Sorry for the spam from the pings, I just want to make sure that we all agree on this approach for vector shuffles emitted from altivec.h as we might want do do something like this for other functions. This particular fix provided a significant improvement in Eigen and it is likely that there are other places where the compiler is tricked into not seeing through vperm's to see that they're vector shuffles.
@nemanjai I was just thinking of something else :)
If we have a runtime value for the second parameter, do we know that this code is an improvement over the previous implementation? (Specially if values of the runtime parameter has more or less equal frequency which code result in a lot of mispredicted branches.)
Something else to consider: (I have not yet checked it). If we specialize vec_perm implementation for vec_splat with runtime values, can we improve it? If yes, how would that compare to the current implementation.
I don't see any cases in which the old implementation leads to better code than what this patch suggests. I'm focusing on LE here.
Old implementation (noopt - both const and non-const index): 16 stb's, a mess of both vector and scalar ops, vector loads and stores, etc.
Old implementation (-O1 - const index): vspltw (plus we lose the information about the shuffle in some cases - which prompted this patch)
Old implementation (-O1 - non-const index): vspltisb, some rlwimi's, 16 stb's, lxvd2x along with the requisite swap, xxlor and vperm (the bulk of the work is for building the mask)
This patch (noopt - both const and non-const index): cmplwi, bgt, mtctr, bctr, xxspltw (along with the necessary swaps of the vectors and storing the arguments)
This patch (-O1 - const index): xxspltw (and we always retain the information about this being a shufflevector since we are using that builtin)
This patch (-O1 - non-const index): rlwinm, worst case - 3 cmplwi and 3 beq/bne
Although the noopt code emitted even with this patch has some SPR operations that are likely expensive, I don't think it is ever worse than 16 stores and a load (along with other instructions necessary to create a mask vector).

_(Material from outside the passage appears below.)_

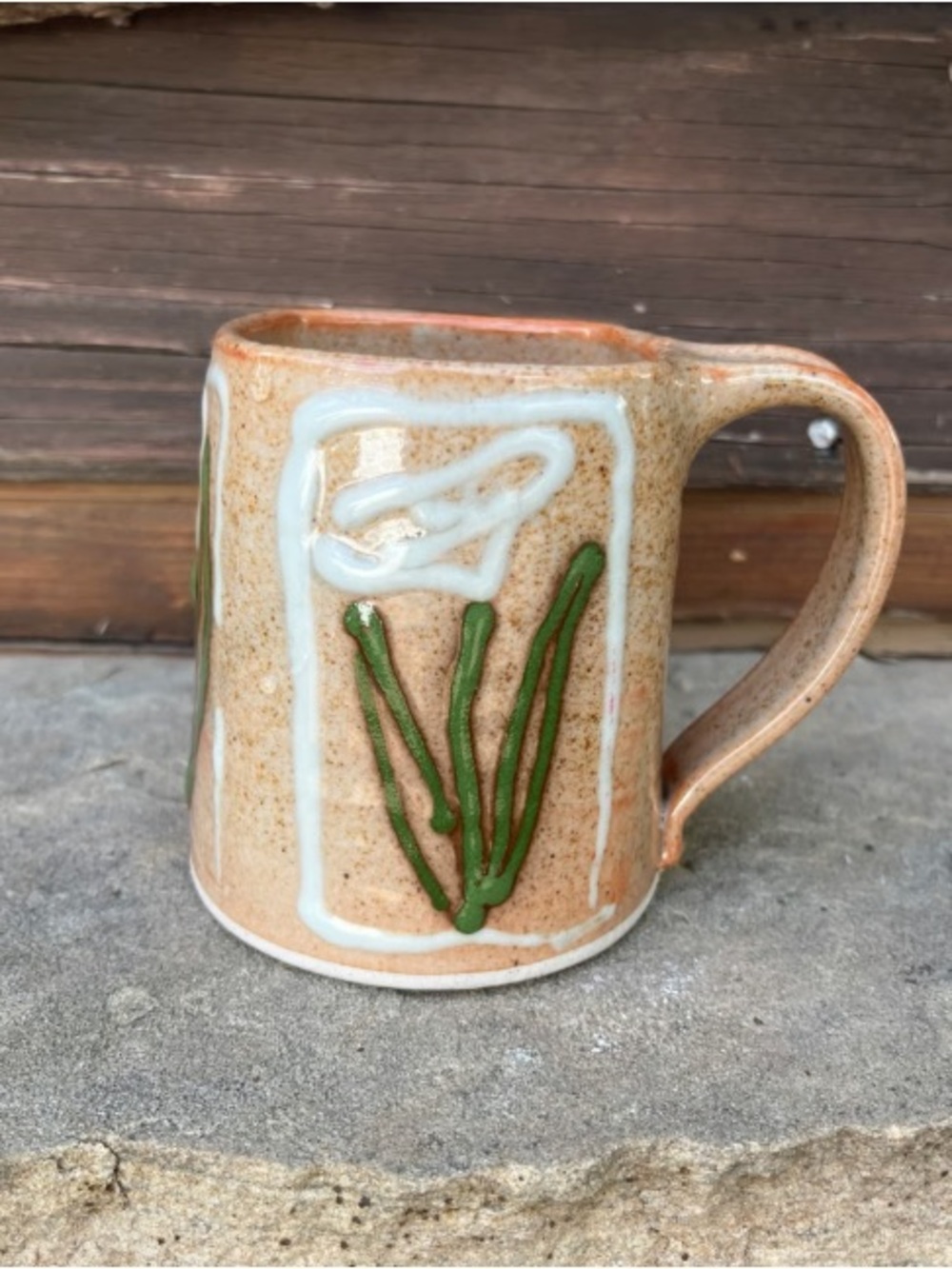 Handmade Ceramic Mug in Cream and Green - Home Art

And I am not sure how much merit there is in discussing performance characteristics of code generated at noopt.
Could we add a test case (or extend an existing test case) to ensure that these extra branches are cleaned up at -O2 and above?

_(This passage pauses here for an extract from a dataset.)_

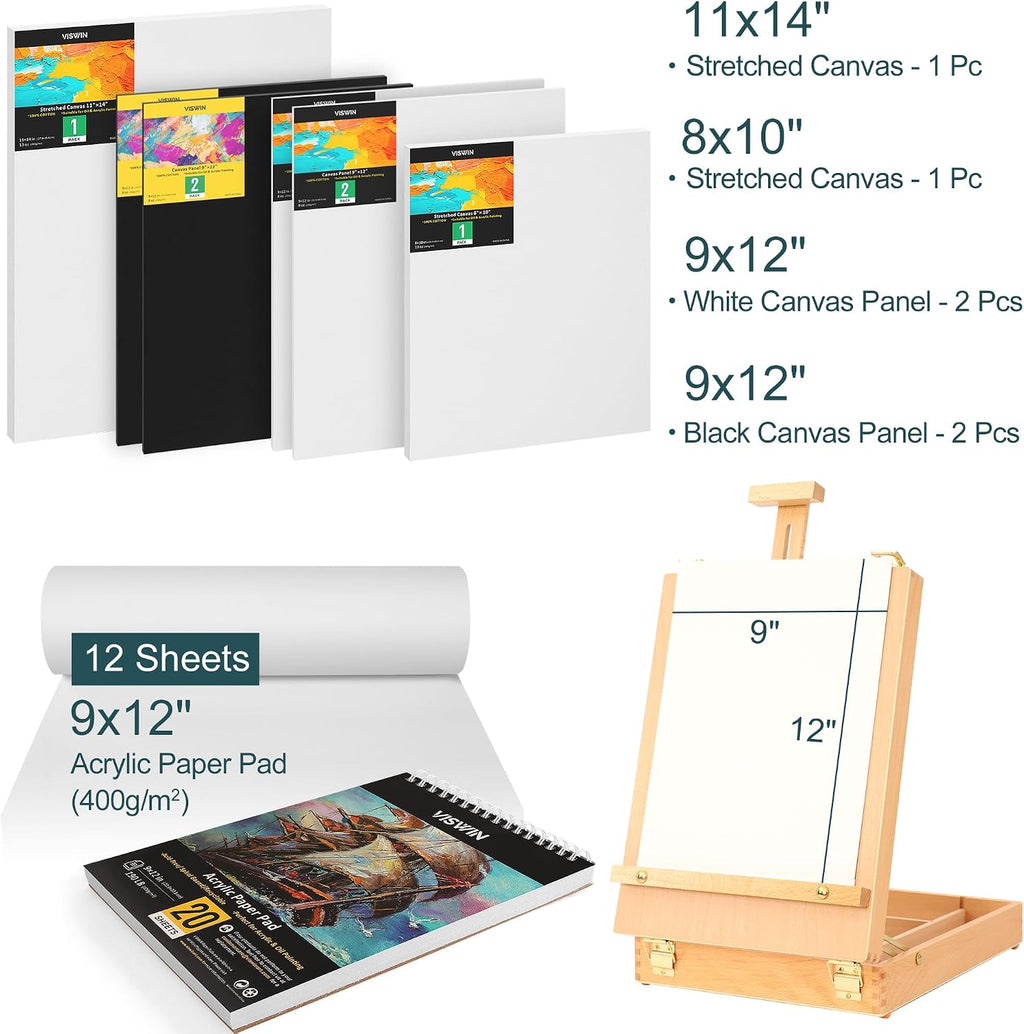 viswin 62 pcs acrylic paint set with easel, package contents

Thanks for the comparison. This is what I have been thinking about. But if others prefer switch-case implementation, that is fine with me as well. I am not sure this approach is better.
If we have a built-in that accepts variable operands, in CGBuitlin.cpp we can check the operand. If we see a constant value we can emit shufflevector. Otherwise : there are only 4 different masks needed for vec_splat (of vector int or vector unsigned int). We can add a global array that includes all these 4 masks. Then we can load proper mask (using the parameter passed to vec_splat to index the array). Now once we have the maskwe probably need to generate an intrinsic (Is there an IR instruction that we can use?). So this approach has its own disadvantages too....
I suppose we can index into PerfectShuffleTable or something similar (presumably it has entries for splats). But then we're stuck with VMX instructions rather than VSX. So I'm not sure that this is a win even in that case.
I agree; a macro can be used here.
Another option is to use __builtin_constant_p to choose between the switch statement (in the case where we know it gets optimized away), and a target-specific intrinsic for the cases we can't generically represent.